A comprehensive glossary of terms used in Edge AI, embedded machine learning, and related fields.
A
Accelerator
Specialized hardware designed to speed up AI computations. Examples include NPUs, TPUs, and GPUs optimized for inference workloads.
Activation Function
A mathematical function applied to neural network outputs (e.g., ReLU, Sigmoid). Edge-optimized models often use simplified activation functions for efficiency.
B
Batch Normalization
A technique to stabilize neural network training. Often fused with other operations during model optimization for edge deployment.
Benchmark
A standardized test to measure and compare the performance of AI hardware or software. MLPerf Tiny is a common edge AI benchmark.
D
Depthwise Separable Convolution
A computationally efficient convolution technique used in mobile architectures like MobileNet. Reduces parameters and operations significantly.
E
Edge Device
Any computing device at the “edge” of a network—smartphones, sensors, wearables, industrial controllers, vehicles, etc.
Embedded ML
Machine learning designed for embedded systems with strict resource constraints. Synonymous with Edge AI in many contexts.
F
Federated Learning
A privacy-preserving approach where models train across multiple edge devices without centralizing data.
FLOPS
Floating Point Operations Per Second. A measure of computational performance. Edge devices typically operate in MFLOPS to GFLOPS range.
I
Inference
Running a trained model to make predictions. Edge AI focuses on efficient inference rather than training.
INT8
Integer 8-bit quantization format that represents values as 8-bit integers instead of 32-bit floats, reducing model size by 4x.
K
Knowledge Distillation
Training a smaller “student” model to replicate the behavior of a larger “teacher” model. Essential for creating edge-deployable models.
L
Latency
Time from input to output. Edge AI typically targets sub-millisecond to tens-of-milliseconds latency.
M
MACs
Multiply-Accumulate Operations.
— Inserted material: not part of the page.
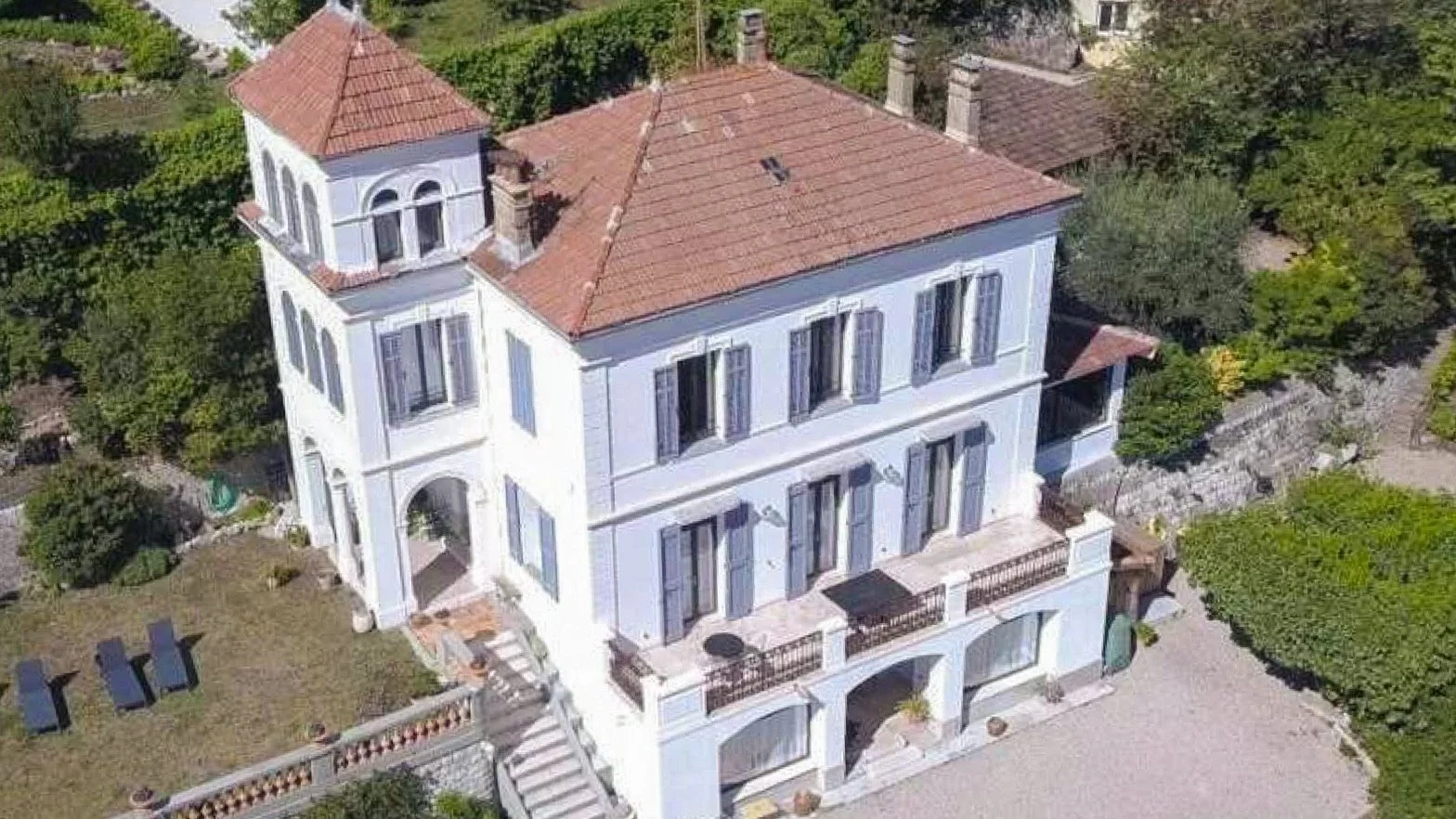 Ref. 240813⎟Grasse (Cannes)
The fundamental operation in neural networks. Edge device capability is often measured in MACs per second.
Microcontroller (MCU)
A compact integrated circuit with processor, memory, and I/O. Common edge AI targets include ARM Cortex-M series.
N
NPU (Neural Processing Unit)
Dedicated processor designed specifically for neural network inference, optimized for matrix operations.
O
ONNX
Open Neural Network Exchange. An open format for representing ML models, enabling interoperability between frameworks.
Operator Fusion
Combining multiple neural network operations into a single optimized kernel to reduce memory transfers.
P
Pruning
Removing unnecessary weights or neurons from a model to reduce size and computation while maintaining accuracy.
Q
Quantization
Reducing the numerical precision of model weights and activations (e.g., float32 to int8) to decrease model size and speed up inference.
Quantization-Aware Training (QAT)
Training that simulates quantization effects, resulting in models that maintain accuracy when quantized.
R
Real-Time Inference
Processing inputs and producing outputs within strict time deadlines, critical for safety and interactive applications.
T
TensorFlow Lite
Google’s framework for deploying ML models on mobile and embedded devices.